For businesses committed to innovation, unstructured data presents a lot of opportunities. In an enterprise, data is everywhere. It comes in different shapes and sizes ready to be analyzed for business intelligence. Historically, businesses have relied on structured data for insights. The predefined format and accessibility of structured data lends itself to easy analysis. Yet 80% of enterprise data remains untapped due to its unstructured format. Enterprises did not know how to tap into unstructured data or how to leverage it for opportunity. It was mysterious and out of reach carrying within it transformational insights. As data analytics tools and technologies adapted to using unstructured data, the pros and cons of this type of data emerged.
Pros Of Unstructured Data
In the enterprise, unstructured data has advantages across architecture and business.
Unstructured data does not have a defined purpose which makes it incredibly versatile. It can be used across different formats. While structured data is trapped in Excel spreadsheets of rows and columns, unstructured data can be generated across social media posts, video, audio, and free form text. This makes unstructured data beneficial for generating a greater number of use cases and applications than structured data.

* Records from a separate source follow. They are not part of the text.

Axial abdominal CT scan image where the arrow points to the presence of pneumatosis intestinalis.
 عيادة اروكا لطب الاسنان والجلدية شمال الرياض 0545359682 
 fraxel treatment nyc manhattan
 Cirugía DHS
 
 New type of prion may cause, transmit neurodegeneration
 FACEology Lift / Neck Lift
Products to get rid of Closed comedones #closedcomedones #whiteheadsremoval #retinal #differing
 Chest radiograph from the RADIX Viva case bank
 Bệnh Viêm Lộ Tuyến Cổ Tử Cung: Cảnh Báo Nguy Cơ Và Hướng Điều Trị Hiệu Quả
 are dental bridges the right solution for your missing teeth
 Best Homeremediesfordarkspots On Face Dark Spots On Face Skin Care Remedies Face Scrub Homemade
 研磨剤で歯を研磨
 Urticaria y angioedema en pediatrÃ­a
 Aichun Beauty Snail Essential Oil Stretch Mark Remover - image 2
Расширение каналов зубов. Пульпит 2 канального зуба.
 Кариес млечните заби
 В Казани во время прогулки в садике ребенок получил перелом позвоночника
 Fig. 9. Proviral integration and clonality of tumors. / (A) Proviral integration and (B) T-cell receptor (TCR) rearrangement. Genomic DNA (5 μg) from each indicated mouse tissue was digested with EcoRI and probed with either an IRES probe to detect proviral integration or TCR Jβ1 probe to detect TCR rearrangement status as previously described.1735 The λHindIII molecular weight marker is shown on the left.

The power of unstructured data in delivering transformational insights is unparalleled. Because an enterprise has more unstructured data than structured data, there is more volume of data to work with. Even though unstructured data is more difficult to analyze, once it is processed, it can give a powerful competitive edge to any business.
Structured data is stored in data lakes which can be costly and time-consuming to access. Conversely, unstructured data is stored in data warehouses which makes it cheap to store and easy to access.
Cons Of Unstructured Data
The new adoption of unstructured data makes it prone to more unknowns and some disadvantages.
Hard To Analyze
Structured data has been used by businesses for years, it has become user-friendly. An average user with data knowledge can access and analyze it. Unstructured data is not that easy to wrangle. It needs trained data scientists and data analysts to take it from raw form and extract value from it.
Data Analytics Tools
For structured data, a user can use Excel to derive insights from it. Unstructured data cannot be managed by traditional business tools. A business looking to derive value from unstructured data needs to invest in the right data analytics tool. All data analytics tools are not created equal. Some tools have Artificial Intelligence (AI) and Natural Language Processing (NLP) technologies that help with data analysis.
Unstructured data comes in many different formats. When analyzing diverse formats across medical records, social media posts, and emails, unstructured data may become challenging to analyze and leverage.
For the enterprise looking to succeed in a competitive market, it needs to harness the chaos of unstructured data into insights. The new adoption of unstructured data comes with advantages and disadvantages for the enterprise. While unstructured data can yield powerful insights, it is harder to analyze than structured data due to a lack of predefined format and a number of different formats. Once an enterprise selects the right data analytics tools to harness unstructured data, it will step into the future of possibilities.